Aleksandr Solzhenitsyn died in 2008. Solzhenitsyn has became lost to popular memory, but he was once quite famous, specifically for writing about his experiences as a prisoner in the Soviet Gulag. He was a dissident, eloquent and empathetic in his writing, winning the Nobel Prize in 1970. He escaped the USSR in the 1970s but returned to Russia shortly after the Soviet Union’s collapse.
His most famous work, the Gulag Archipelago, chronicles his prison camp experience. One paragraph from that book has stuck with me since I was a teenager. I remembered it again when the Iraq war began to unravel and Bush raged earnestly about “evildoers” and the “The Axis of Evil” in the Middle East. I remembered it again recently, in the current world of ‘left’ vs. ‘right’, ‘cancel culture’, and the general obsession with defining the good and bad, the enlightened and ignorant.
Here’s that paragraph:
If only there were evil people somewhere insidiously committing evil deeds, and it were necessary only to separate them from the rest of us and destroy them. But the line dividing good and evil cuts through the heart of every human being. And who is willing to destroy a piece of his own heart? During the life of any heart this line keeps changing place; sometimes it is squeezed one way by exuberant evil and sometimes it shifts to allow enough space for good to flourish. One and the same human being is, at various ages, under various circumstances, a totally different human being. At times he is close to being a devil, at times to sainthood. But his name doesn’t change, and to that name we ascribe the whole lot, good and evil. Socrates taught us: “Know thyself.” Confronted by the pit into which we are about to toss those who have done us harm, we halt, stricken dumb: it is after all only because of the way things worked out that they were the executioners and we weren’t. From good to evil is one quaver, says the proverb. And correspondingly, from evil to good.

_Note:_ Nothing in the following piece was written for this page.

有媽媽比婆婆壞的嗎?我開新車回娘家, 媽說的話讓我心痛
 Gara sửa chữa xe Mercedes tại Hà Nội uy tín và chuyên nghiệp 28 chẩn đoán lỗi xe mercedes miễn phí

That line is a deeply uncomfortable thing for us humans to admit. The stupid and the shameful coexisting with the empathetic and the generous, us moving back and forth across the “line” dividing the two as we make our way through life. But it’s what we do. We desperately want to be acknowledged…good. We seek to make that line sharper rather than softer, to make it a bright line that divides the darkness and light. Yet we repeatedly forget the difference between our beliefs and those of other people and so, as Solzhenitsyn also said, “we confidently judge the whole world according to our own home values.”